WHAT TO PRODUCE:
Produce a word-for-word copy of the lines from the one that contains "uno joven mujer" to the final line of the data below, with all pictures dropped.

Start of GIVEN ENTRIES

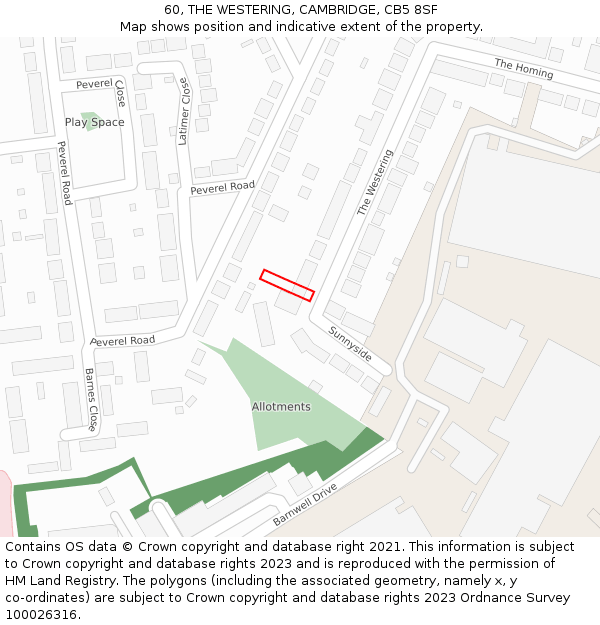 60, THE WESTERING, CAMBRIDGE, CB5 8SF: Location map and indicative extent of plot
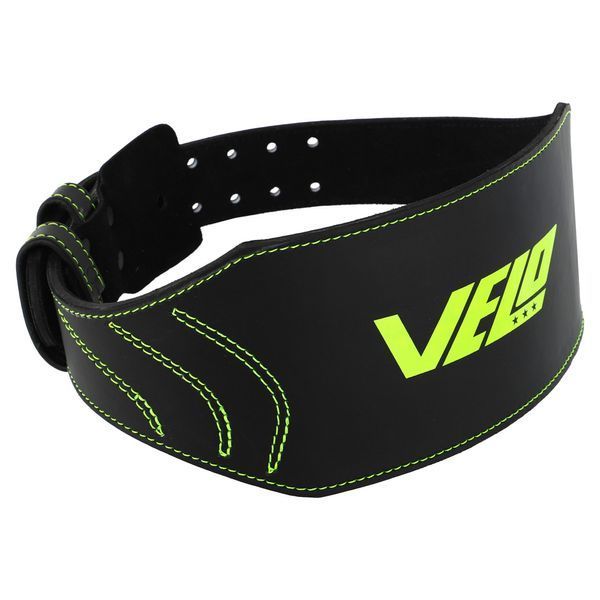 Пояс атлетический кожаный VELO VL-9739 спинка-15см размер-S-XXL черный-салатовый VL-9739 фото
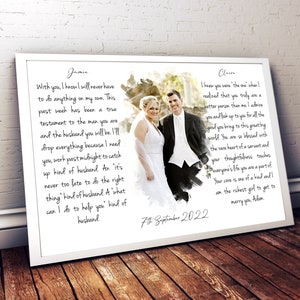 Vœux de mariage personnalisés, Portrait à l’aquarelle à partir d’une photo avec vœux, Cadeau photo encadré personnalisé, Cadeau de marié et de marié, Art imprimé de vœux de mariage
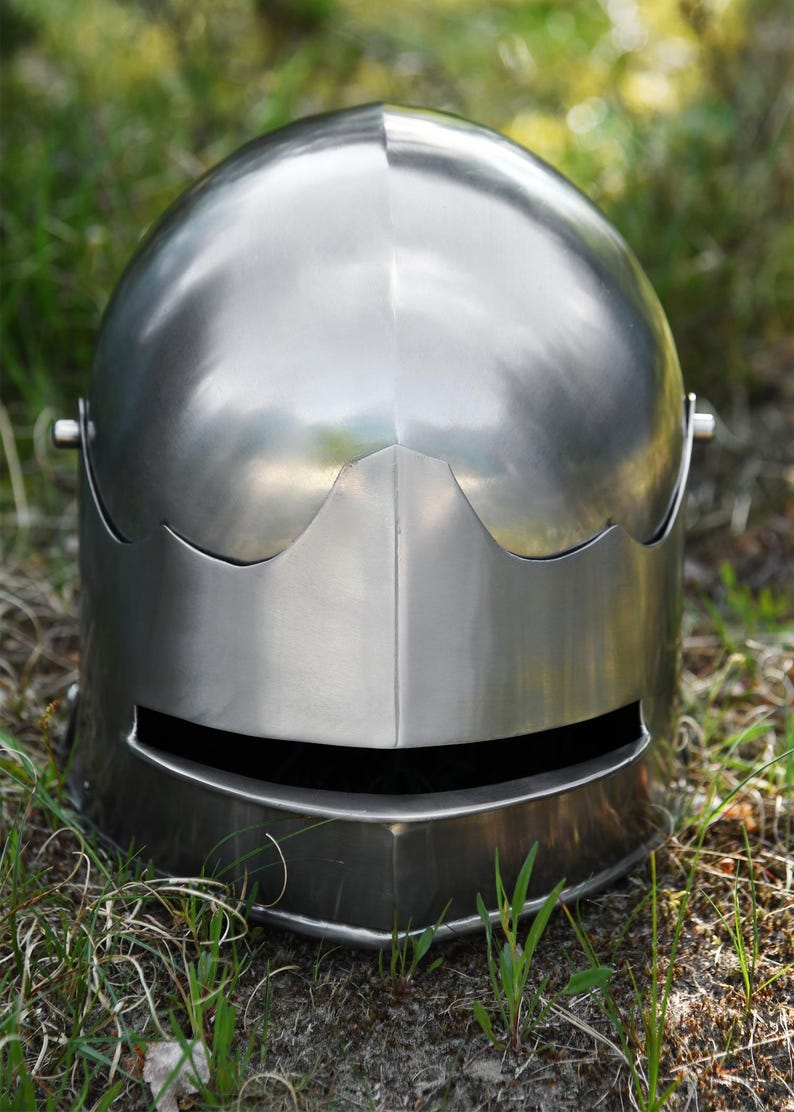Gothic Sallet Helmet – Handmade Medieval Knight Helmet for Cosplay, LARP & Reenactment Gift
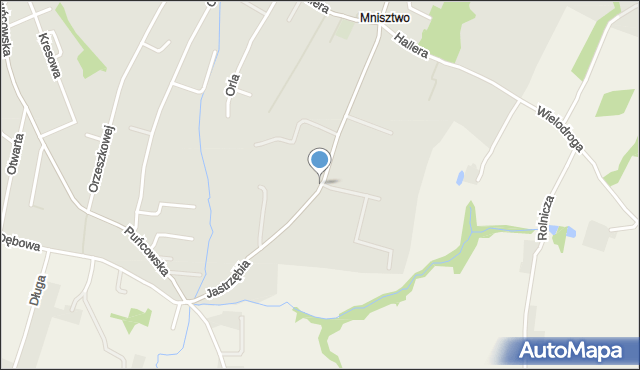 Cieszyn, Jastrzębia, mapa Cieszyna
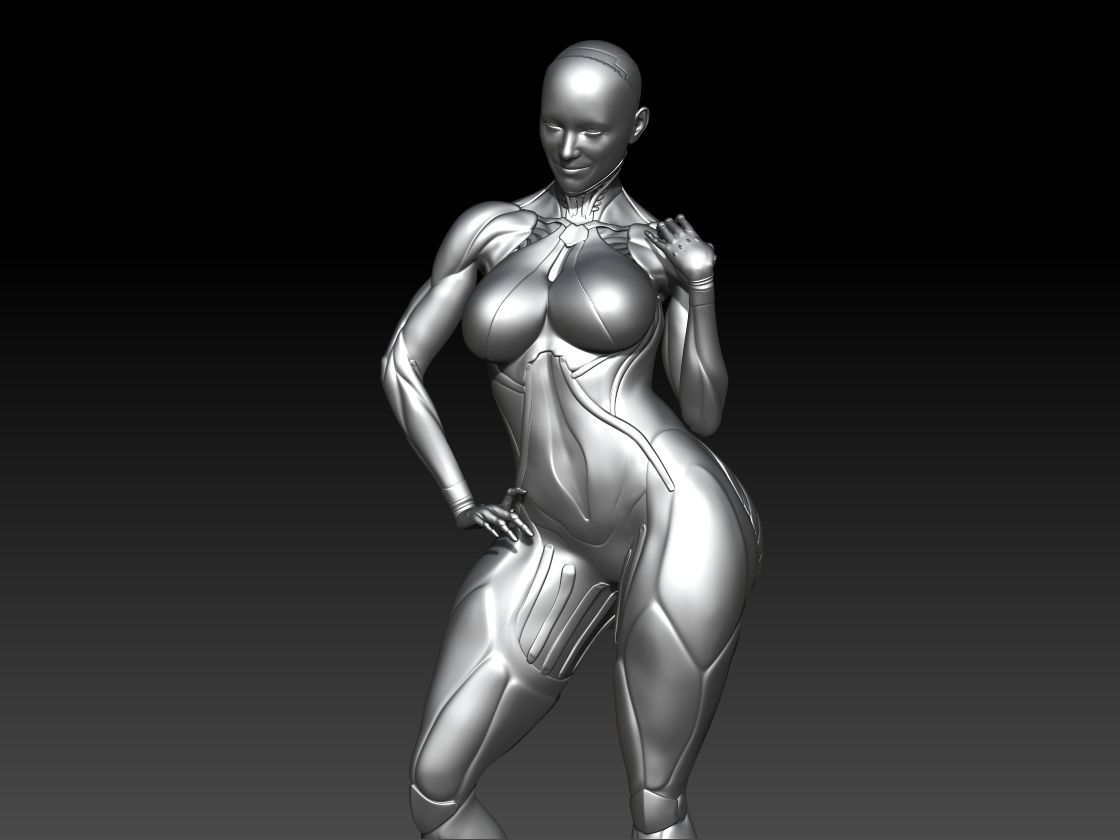 cyber girl stand 3D print model_1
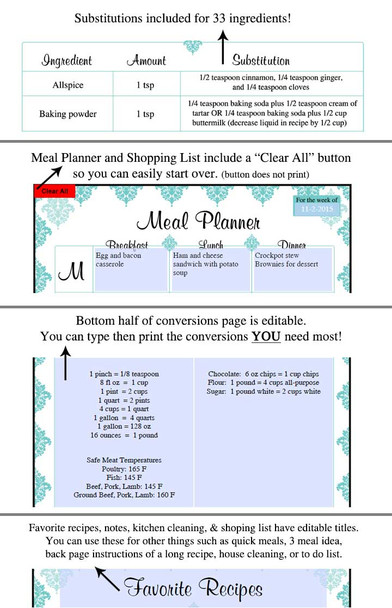 Blue Damask Printable Recipe Book Template Editable PDF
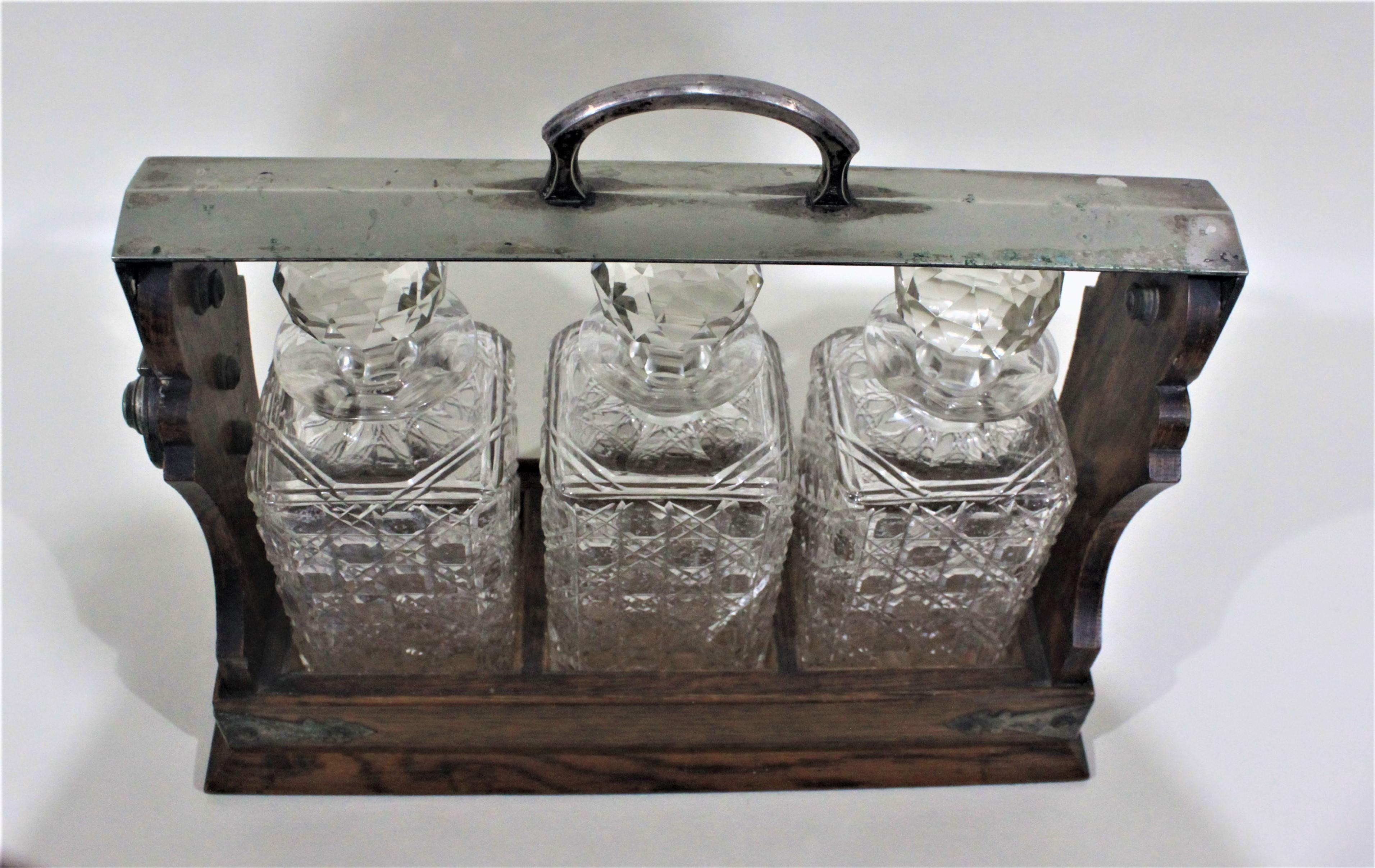 Victorian Silver Plated and Oak Tantalus 2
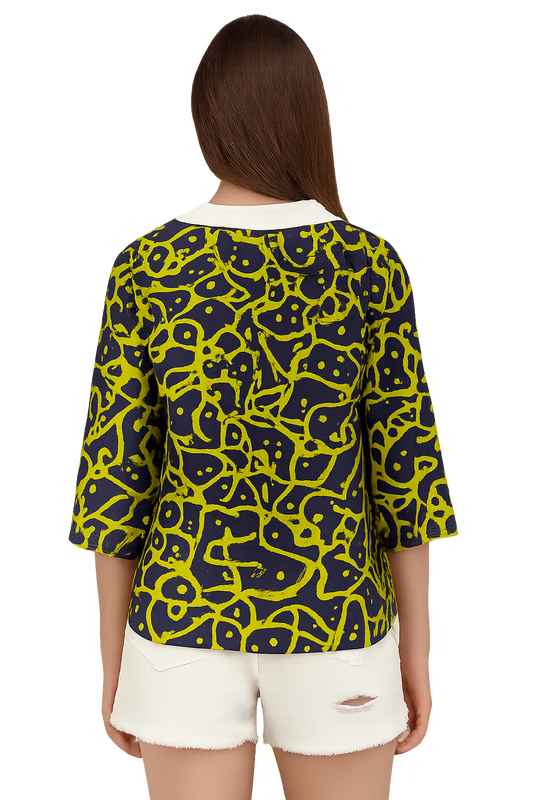 Blue printed three quarter sleeved collar top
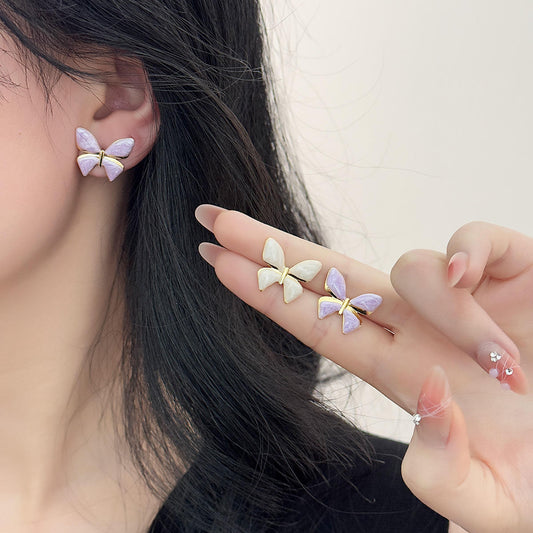 Enamel Drip Butterfly Stud Earrings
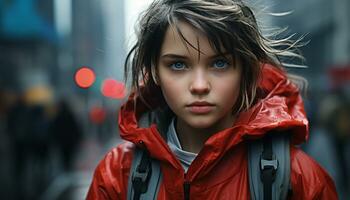 uno joven mujer en impermeable mirando a cámara, al aire libre generado por ai foto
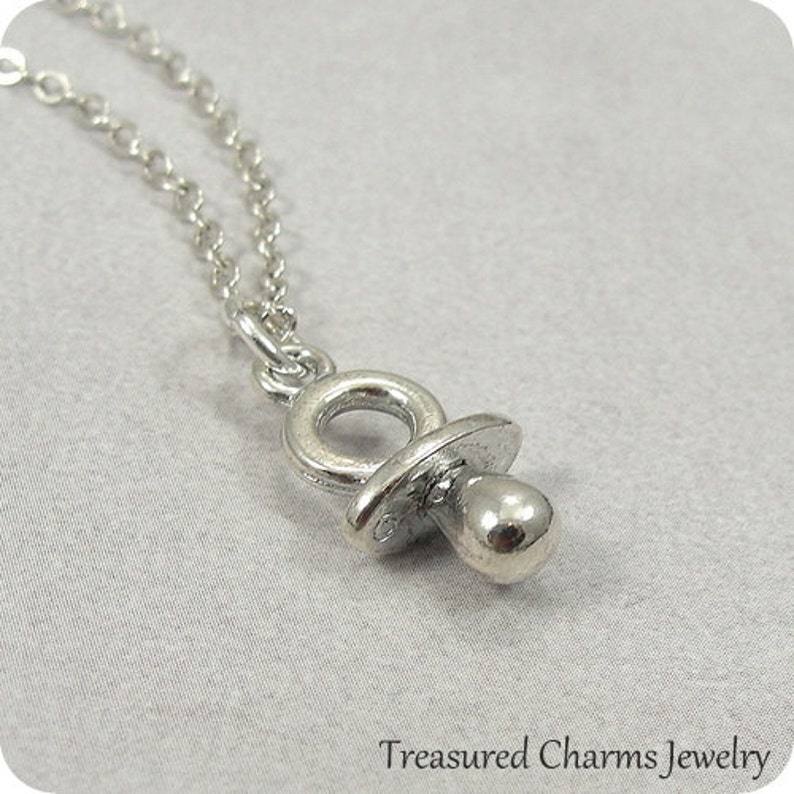 Tiny Pacifier Necklace Silver Plated Baby Binky Pacifier Etsy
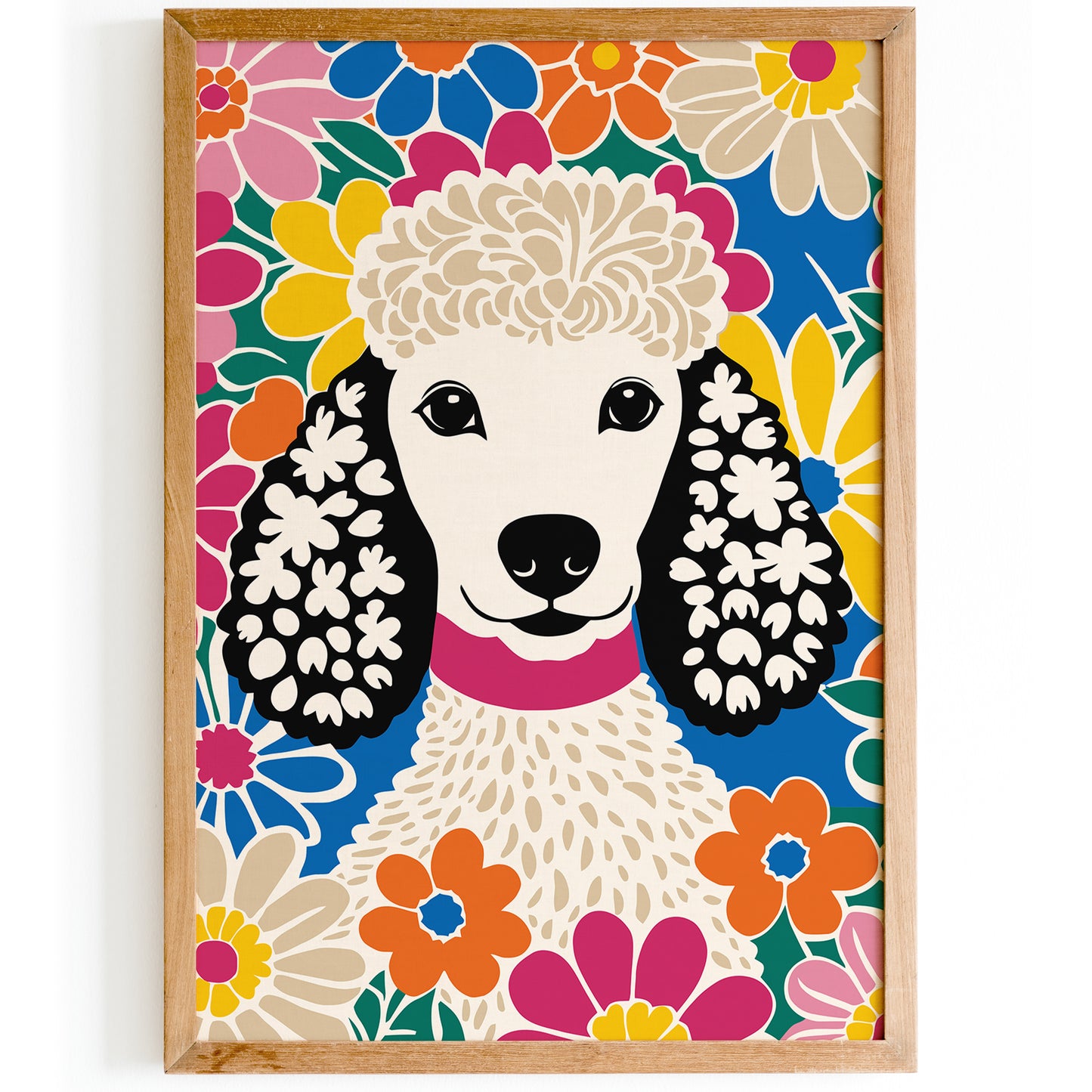 Colorful Poodle Dog Art Print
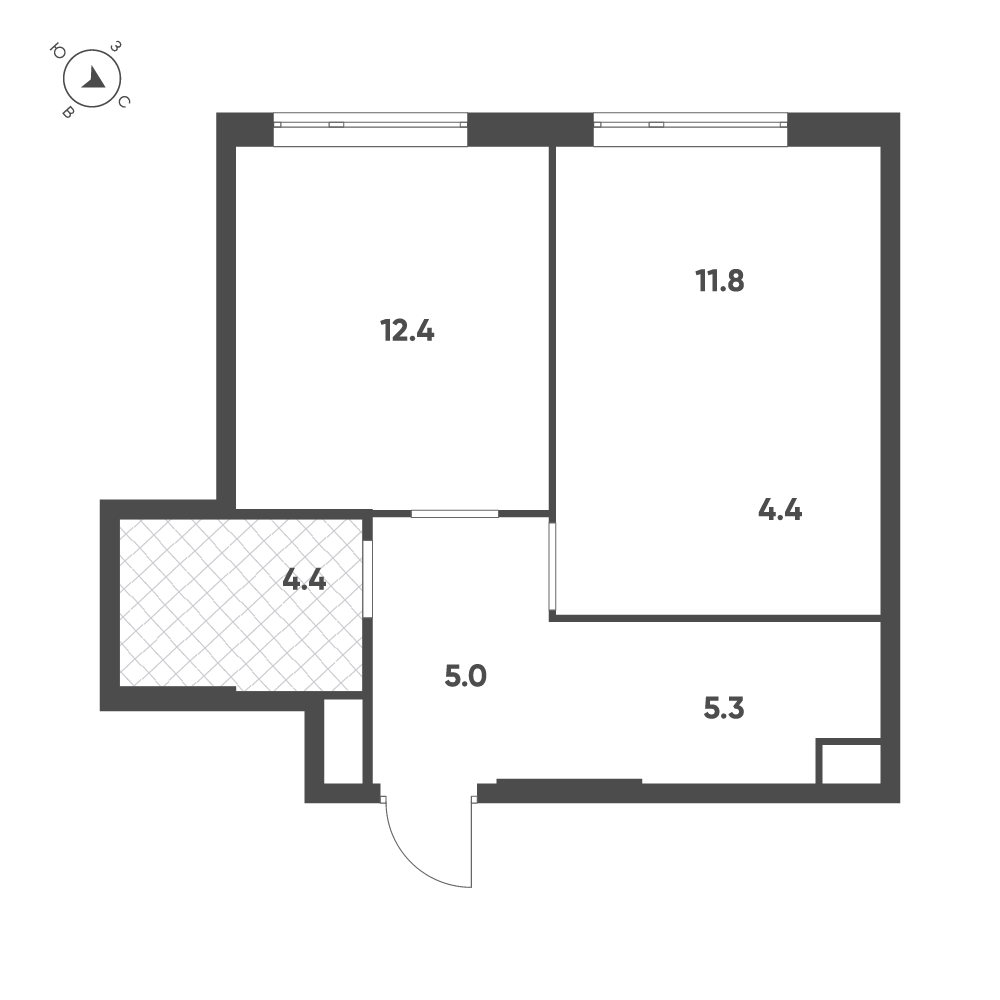 Планировка: 2-комнатная · 43,3 м²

End of GIVEN ENTRIES

EXPECTED ANSWER:
 uno joven mujer en impermeable mirando a cámara, al aire libre generado por ai foto
 Tiny Pacifier Necklace Silver Plated Baby Binky Pacifier Etsy
 Colorful Poodle Dog Art Print
 Планировка: 2-комнатная · 43,3 м²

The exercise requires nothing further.